Das Gericht darf in einem unterbrochenen Verfahren keine Prozesshandlungen vornehmen. Ein dennoch erlassenes Urteil ist ohne rechtliche Wirkung. Der Anfechtungsgegner kann in diesem Fall die Unwirksamkeit des Urteils --ggf. auch während der Unterbrechung des Verfahrens und vor Abschluss des Konkursverfahrens-- im Wege der Nichtzulassungsbeschwerde oder Revision geltend machen (vgl. bereits Senatsentscheidung in BFHE 174, 295, BStBl II 1995, 225); es ist klarstellend aufzuheben und die Sache zur anderweitigen Verhandlung und Entscheidung an das FG zurückzuverweisen.

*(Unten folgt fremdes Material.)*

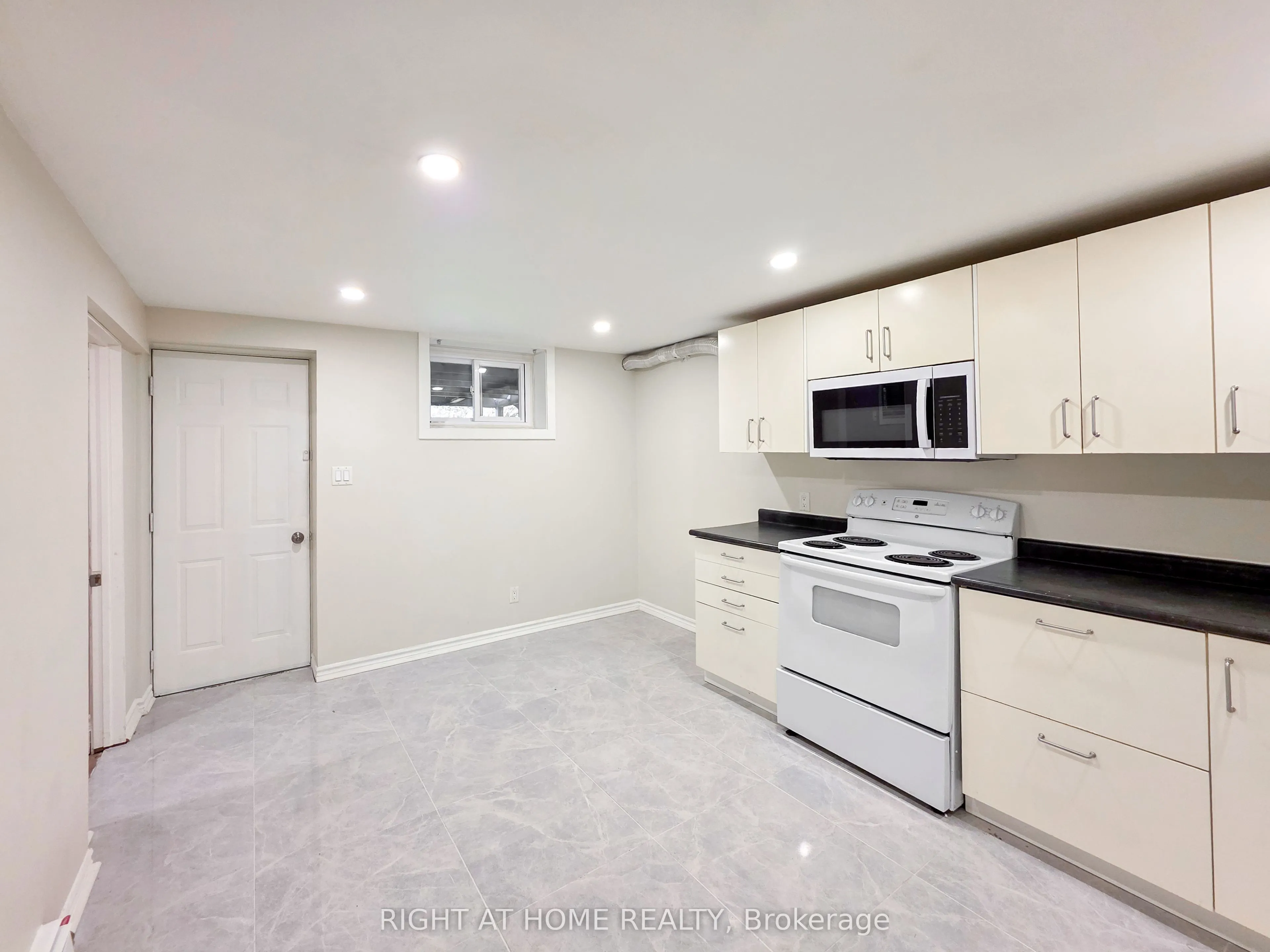 708 Carnegie Avenue #Lower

Dies gilt auch im vorliegenden Verfahren. Es ist unstreitig und ergibt sich auch aus den vorgelegten Unterlagen, dass über den Duldungsbescheid verhandelt und entschieden wurde, während über das Vermögen des Lebensgefährten der Klägerin ein Insolvenzverfahren nach englischem Recht durchgeführt wurde. Nach den dargestellten Grundsätzen war das Verfahren über den Anfechtungsanspruch gemäß § 17 Abs. 1 Satz 1 AnfG i.V.m. Art. 15 EuInsVO und § 352 Abs. 1 Satz 1 InsO mit Eröffnung des Konkursverfahrens über das Vermögen des Lebensgefährten der Klägerin unterbrochen. Das dennoch ergangene Urteil ist klarstellend aufzuheben und die Sache zur anderweitigen Verhandlung und Entscheidung an das FG zurückzuverweisen.

3. Dem FG wird die Entscheidung über die Kosten des Beschwerdeverfahrens übertragen (§ 143 Abs. 2 FGO).